How strange was what happened in the second game? The Pirates hadn’t scored an earned run off of Brett Anderson, who started the first game, in 13 innings this season. Meanwhile, Game 2 starter Aaron Ashby had logged a grand total of 6 2/3 MLB innings prior to Saturday.
The Pirates rocked Anderson. Ashby dominated them. But like we learned in the first game, pretty much anything can happen in this sport, and sometimes that means a whole bunch of silence, which is what the Pirates endured.
The Pirates finished with just four hits, none for extra bases and only once had a runner on third base. With four doubles in the first game, Kevin Newman went just 1 for 3 in the second one and accounted for one of the Pirates’ eight strikeouts.
Mitch Keller started and fared OK. He went 4 1/3 innings and gave up two earned runs on nine hits. The line itself wasn’t ugly, although the Brewers had no problem making hard contact against Keller, who ceded nine balls with an average exit velocity of 95 mph or more.
Keller, who threw 51 of his 77 pitches for strikes but generated just seven whiffs, was helped by a couple of solid defensive plays early.
With two on and one out in the first, Michael Perez threw out left fielder Christian Yelich trying to steal second base. Rodolfo Castro used his athleticism to turn a double play himself in the second.
The big one came in the third. Shortstop Willy Adames hit a double off the top of the Clemente Wall. When Yelich singled, it looked like Adames might score the game’s first run, but Bryan Reynolds made a tremendous throw home to keep the Brewers off the scoreboard.

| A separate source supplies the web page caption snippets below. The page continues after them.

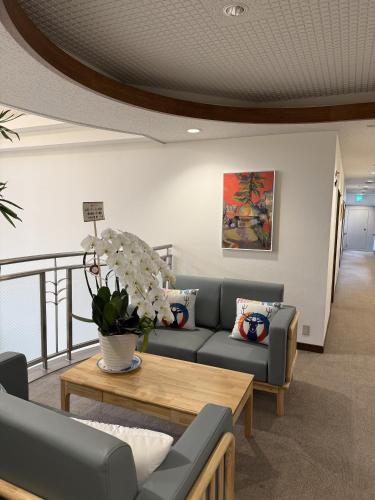 a living room with a couch and a table at Sansui Resorts Yamanakako in Yamanakako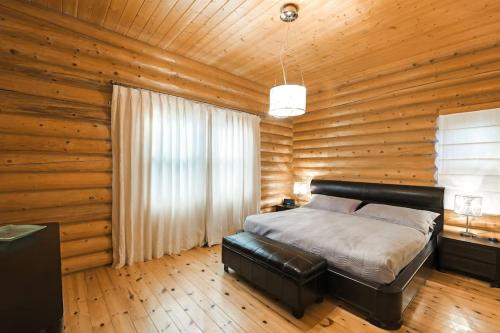 1 dormitorio con 1 cama y pared de madera en Fiddler Lake Resort Chalet Deer 59 en Mille-Isles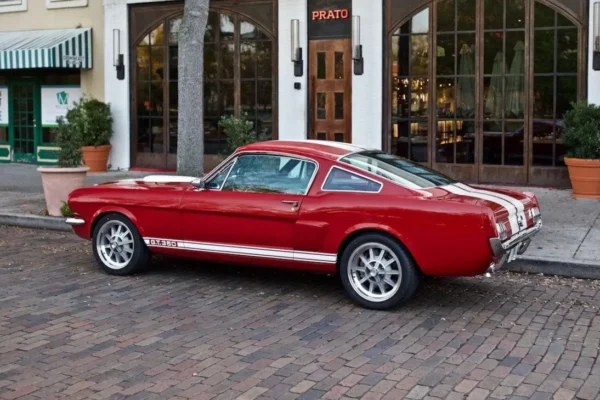 Red 1966 Shelby GT 350/ GT 350H parked.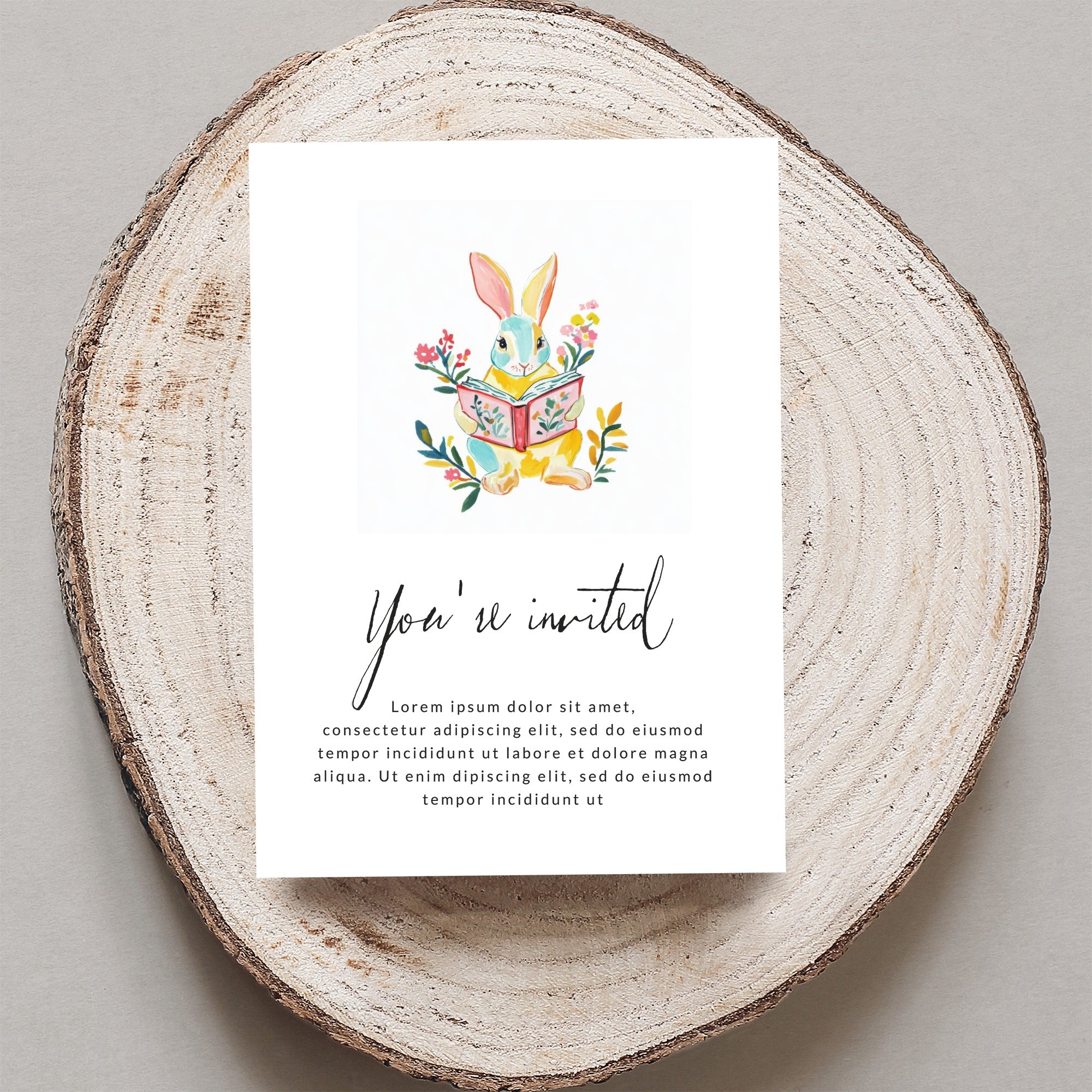Illustrated bunny reading book on a card with "You're invited" text.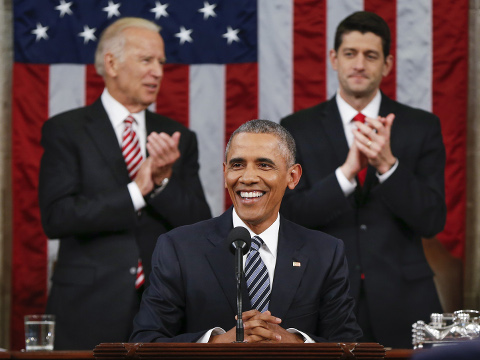 Vice President Joe Biden, left, and House Speaker Paul Ryan of Wisconsin applaud President Barack Obama during the State of the Union address before a joint session of Congress on Capitol Hill in Washington, January 12, 2016 (Credit: AP Images/Evan Vucci)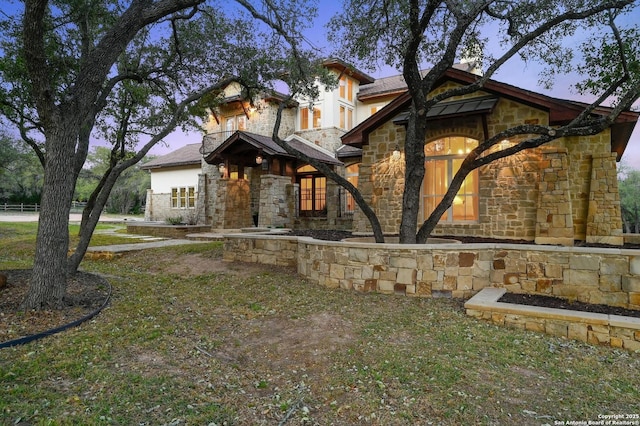 craftsman inspired home featuring stone siding and stucco siding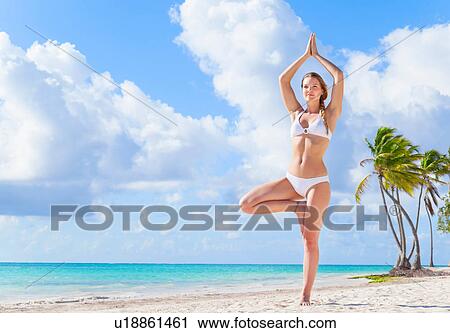 Stock Image - Young woman wearing bikini practising yoga tree pose on beach, Dominican Republic, The Caribbean. Fotosearch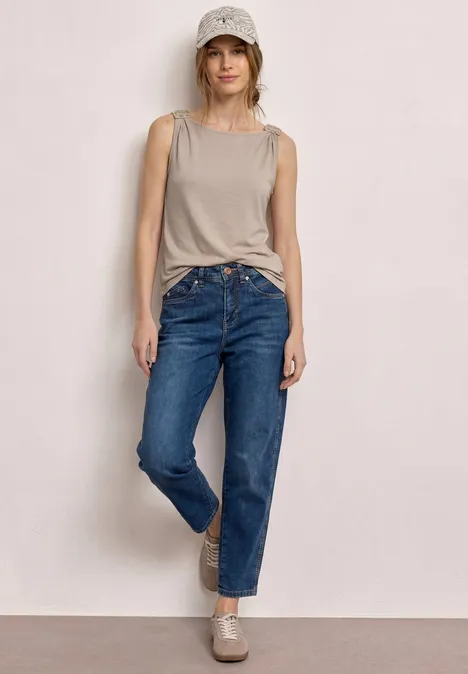 Een persoon staat voor een lichte muur met een beige tanktop, blauwe jeans en bijpassende loafers.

After playing to a stalemate through three, the Brewers took a 2-0 lead in the fourth. Garcia and catcher Omar Narvaez opened the inning with back-to-back singles, and Jace Peterson worked a full count.
In Keller’s first start, executing his breaking stuff with two strikes was a problem. It improved in Keller’s second start but came back to bite him here. Keller left a curveball up in the zone, and Peterson lined it into right-center for a run-scoring single.
Milwaukee doubled its lead when center fielder Lorenzo Cain hit a chopper to Castro at second. The hop backed Castro up a tad, and Cain also runs really well. He beat out the double play, allowing the run to score.
Keller exited the game in the fifth, as manager Derek Shelton turned to Anthony Banda to get a left-on-left matchup against Yelich. It worked. Banda got a pair of outs in the air that were sandwiched around an at-bat with right fielder Avisail Garcia where it looked like Banda wasn’t trying to throw the right-handed hitter a strike.
The Pirates did next to nothing against Ashby, who wound up working four scoreless innings while allowing three hits, no walks and striking out four. Brewers pitchers had retired 10 in a row when Gregory Polanco walked in the fifth, though Hoy Park ended the inning with a strikeout.
Trailing by 2, the wheels came off for the Pirates in the top of the sixth. First baseman Jace Peterson walked, and Cain reached on a bloop single — the ball falling between Kevin Newman and Ke’Bryan Hayes, who nearly collided and toppled to the ground.
Another mistake allowed a third Milwaukee run to score, as Michael Perez tried a back-pick on Cain at first and threw wide of the bag. Peterson scored from second by a hair.
The final blow was a home run that Rowdy Tellez, entering the game as a pinch-hitter, absolutely crushed. It came on an elevated fastball, and it bounced into the Allegheny River. Forty-two players have done that a total of 63 times, with Tellez’s homer traveling an estimated 445 feet.
Garcia tacked on a solo shot in the seventh to round out the scoring.